### Stored items
§

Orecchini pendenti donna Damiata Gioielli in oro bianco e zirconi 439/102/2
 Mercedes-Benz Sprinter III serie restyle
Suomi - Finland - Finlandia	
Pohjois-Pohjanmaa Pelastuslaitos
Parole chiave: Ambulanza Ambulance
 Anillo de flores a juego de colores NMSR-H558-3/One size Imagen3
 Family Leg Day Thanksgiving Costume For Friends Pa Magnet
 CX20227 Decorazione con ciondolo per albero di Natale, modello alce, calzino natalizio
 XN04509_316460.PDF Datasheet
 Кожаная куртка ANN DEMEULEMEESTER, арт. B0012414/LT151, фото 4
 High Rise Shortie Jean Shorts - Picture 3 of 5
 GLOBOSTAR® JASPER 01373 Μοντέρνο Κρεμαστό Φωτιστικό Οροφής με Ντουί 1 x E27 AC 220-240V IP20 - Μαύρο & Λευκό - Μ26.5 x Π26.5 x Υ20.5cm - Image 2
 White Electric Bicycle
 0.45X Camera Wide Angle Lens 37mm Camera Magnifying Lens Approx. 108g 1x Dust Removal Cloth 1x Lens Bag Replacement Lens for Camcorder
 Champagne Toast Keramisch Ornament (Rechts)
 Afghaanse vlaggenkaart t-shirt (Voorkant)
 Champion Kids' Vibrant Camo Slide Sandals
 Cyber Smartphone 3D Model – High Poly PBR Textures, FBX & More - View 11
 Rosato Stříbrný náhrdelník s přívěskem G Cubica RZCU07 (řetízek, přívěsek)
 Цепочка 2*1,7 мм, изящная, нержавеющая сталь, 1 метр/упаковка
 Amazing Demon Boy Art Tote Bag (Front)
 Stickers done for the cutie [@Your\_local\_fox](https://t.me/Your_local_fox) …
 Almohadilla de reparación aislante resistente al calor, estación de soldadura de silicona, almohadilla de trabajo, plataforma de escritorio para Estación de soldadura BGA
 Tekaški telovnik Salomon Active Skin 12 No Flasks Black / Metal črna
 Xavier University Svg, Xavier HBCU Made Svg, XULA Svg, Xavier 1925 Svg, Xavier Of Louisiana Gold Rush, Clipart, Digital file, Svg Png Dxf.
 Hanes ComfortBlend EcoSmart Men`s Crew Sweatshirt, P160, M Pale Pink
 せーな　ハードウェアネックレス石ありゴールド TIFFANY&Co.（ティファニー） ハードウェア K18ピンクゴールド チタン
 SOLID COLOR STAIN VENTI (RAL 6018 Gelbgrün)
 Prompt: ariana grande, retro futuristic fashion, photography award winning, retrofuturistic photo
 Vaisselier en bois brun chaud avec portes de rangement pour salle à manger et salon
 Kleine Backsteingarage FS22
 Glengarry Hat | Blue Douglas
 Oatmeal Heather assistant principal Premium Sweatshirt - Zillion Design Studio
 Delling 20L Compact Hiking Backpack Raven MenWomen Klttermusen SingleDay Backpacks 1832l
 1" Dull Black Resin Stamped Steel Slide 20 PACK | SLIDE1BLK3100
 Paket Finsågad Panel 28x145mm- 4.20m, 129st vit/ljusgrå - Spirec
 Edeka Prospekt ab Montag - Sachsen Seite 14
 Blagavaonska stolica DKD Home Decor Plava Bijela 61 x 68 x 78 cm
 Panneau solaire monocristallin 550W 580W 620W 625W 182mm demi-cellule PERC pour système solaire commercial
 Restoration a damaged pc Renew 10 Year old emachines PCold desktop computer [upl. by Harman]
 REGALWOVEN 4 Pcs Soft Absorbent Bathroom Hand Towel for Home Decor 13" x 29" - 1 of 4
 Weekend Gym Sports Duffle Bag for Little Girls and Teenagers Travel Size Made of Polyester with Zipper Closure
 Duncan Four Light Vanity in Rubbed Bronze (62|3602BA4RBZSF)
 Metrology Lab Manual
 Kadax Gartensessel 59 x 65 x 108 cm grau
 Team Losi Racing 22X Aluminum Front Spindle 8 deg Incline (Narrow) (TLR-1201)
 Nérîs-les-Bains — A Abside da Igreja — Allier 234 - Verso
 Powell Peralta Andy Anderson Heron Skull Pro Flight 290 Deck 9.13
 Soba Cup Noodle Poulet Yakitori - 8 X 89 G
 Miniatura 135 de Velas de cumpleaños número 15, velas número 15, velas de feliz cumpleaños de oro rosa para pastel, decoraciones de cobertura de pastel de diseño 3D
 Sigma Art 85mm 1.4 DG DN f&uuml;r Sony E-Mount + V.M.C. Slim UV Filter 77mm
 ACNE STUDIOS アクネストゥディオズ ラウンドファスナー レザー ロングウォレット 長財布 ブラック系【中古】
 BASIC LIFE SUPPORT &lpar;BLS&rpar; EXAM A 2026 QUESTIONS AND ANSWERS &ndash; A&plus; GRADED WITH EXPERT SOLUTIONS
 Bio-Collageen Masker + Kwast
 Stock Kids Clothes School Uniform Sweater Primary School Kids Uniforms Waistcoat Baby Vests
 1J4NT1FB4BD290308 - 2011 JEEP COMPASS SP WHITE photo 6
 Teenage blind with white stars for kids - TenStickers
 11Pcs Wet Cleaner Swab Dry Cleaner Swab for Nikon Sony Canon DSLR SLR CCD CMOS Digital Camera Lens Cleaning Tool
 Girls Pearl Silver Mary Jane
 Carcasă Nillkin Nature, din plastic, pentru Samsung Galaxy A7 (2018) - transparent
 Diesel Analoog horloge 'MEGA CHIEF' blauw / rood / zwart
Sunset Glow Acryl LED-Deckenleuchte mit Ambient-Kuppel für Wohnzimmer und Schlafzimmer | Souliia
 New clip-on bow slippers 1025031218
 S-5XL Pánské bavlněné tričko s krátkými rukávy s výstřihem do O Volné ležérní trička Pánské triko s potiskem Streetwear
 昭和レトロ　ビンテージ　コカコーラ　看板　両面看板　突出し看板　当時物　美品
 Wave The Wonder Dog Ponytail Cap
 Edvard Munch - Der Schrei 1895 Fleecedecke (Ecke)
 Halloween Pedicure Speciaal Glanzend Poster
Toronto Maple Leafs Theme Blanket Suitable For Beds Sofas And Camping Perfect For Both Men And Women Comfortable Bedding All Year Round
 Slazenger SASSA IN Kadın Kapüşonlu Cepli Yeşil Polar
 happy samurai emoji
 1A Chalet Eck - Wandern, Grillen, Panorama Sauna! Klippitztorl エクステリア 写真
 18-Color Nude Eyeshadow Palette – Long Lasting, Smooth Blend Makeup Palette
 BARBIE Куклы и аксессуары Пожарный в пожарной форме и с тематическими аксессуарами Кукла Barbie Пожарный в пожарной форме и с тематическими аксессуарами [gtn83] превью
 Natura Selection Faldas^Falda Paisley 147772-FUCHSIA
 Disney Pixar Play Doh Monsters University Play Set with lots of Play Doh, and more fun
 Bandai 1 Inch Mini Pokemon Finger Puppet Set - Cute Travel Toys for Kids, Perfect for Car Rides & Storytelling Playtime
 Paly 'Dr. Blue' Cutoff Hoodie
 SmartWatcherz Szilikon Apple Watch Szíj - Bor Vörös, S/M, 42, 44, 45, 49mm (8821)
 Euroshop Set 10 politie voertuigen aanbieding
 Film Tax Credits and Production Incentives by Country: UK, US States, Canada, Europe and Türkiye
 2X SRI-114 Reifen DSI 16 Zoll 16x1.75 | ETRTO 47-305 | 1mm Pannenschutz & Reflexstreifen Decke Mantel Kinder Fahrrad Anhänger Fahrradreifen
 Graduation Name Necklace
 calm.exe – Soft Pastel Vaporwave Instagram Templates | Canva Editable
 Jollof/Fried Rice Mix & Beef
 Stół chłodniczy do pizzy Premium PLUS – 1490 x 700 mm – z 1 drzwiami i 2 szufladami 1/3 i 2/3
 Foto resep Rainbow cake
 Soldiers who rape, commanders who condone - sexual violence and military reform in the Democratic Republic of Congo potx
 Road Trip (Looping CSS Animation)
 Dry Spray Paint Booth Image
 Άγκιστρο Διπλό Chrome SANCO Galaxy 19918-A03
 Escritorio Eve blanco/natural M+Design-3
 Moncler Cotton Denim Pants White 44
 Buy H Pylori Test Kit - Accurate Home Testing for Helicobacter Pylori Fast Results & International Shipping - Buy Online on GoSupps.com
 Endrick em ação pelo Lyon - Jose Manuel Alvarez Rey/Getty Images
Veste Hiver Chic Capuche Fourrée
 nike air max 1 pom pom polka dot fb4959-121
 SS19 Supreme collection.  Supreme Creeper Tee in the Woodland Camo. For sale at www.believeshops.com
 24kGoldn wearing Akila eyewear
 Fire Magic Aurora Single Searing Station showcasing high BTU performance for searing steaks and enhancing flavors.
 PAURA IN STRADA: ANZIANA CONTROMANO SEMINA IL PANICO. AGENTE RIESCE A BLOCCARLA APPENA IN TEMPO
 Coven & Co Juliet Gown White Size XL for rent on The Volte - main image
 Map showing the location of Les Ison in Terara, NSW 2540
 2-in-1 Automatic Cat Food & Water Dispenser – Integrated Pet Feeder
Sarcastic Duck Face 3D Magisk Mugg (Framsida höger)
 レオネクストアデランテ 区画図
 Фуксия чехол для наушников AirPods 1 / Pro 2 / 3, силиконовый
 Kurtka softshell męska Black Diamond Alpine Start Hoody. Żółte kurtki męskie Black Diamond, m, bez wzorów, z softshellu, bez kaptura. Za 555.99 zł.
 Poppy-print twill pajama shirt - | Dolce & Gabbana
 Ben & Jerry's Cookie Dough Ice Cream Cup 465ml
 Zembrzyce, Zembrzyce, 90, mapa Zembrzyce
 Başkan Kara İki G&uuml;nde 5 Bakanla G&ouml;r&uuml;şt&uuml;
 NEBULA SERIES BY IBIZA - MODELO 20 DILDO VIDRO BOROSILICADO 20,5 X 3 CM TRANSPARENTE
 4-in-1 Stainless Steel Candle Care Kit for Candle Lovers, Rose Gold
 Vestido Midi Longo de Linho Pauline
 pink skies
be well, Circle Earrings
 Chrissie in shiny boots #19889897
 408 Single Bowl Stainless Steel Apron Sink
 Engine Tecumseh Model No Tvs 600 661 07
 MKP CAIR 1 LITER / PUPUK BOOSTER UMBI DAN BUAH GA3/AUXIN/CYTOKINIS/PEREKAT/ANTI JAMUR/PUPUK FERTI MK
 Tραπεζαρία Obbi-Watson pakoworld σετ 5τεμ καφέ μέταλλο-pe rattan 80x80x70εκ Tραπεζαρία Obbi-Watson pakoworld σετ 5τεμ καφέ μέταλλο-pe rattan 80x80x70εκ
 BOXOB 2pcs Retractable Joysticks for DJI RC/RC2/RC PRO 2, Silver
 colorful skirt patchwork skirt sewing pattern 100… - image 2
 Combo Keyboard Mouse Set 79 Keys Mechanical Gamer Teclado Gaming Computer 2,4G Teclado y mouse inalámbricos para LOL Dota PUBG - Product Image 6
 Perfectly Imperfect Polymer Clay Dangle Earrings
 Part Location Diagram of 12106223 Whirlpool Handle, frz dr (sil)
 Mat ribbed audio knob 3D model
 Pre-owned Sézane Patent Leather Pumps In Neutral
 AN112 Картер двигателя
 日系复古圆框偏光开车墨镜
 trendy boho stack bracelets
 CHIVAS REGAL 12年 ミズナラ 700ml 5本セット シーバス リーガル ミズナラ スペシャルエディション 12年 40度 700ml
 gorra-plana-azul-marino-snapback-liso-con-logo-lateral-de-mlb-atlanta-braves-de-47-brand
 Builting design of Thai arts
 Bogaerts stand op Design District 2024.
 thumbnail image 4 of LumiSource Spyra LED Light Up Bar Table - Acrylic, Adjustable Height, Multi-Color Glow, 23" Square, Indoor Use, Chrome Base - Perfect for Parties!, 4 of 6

§

### The problem
Where a line above contains the word "photo", copy that line.

### Result for this exercise
 Prompt: ariana grande, retro futuristic fashion, photography award winning, retrofuturistic photo
 1J4NT1FB4BD290308 - 2011 JEEP COMPASS SP WHITE photo 6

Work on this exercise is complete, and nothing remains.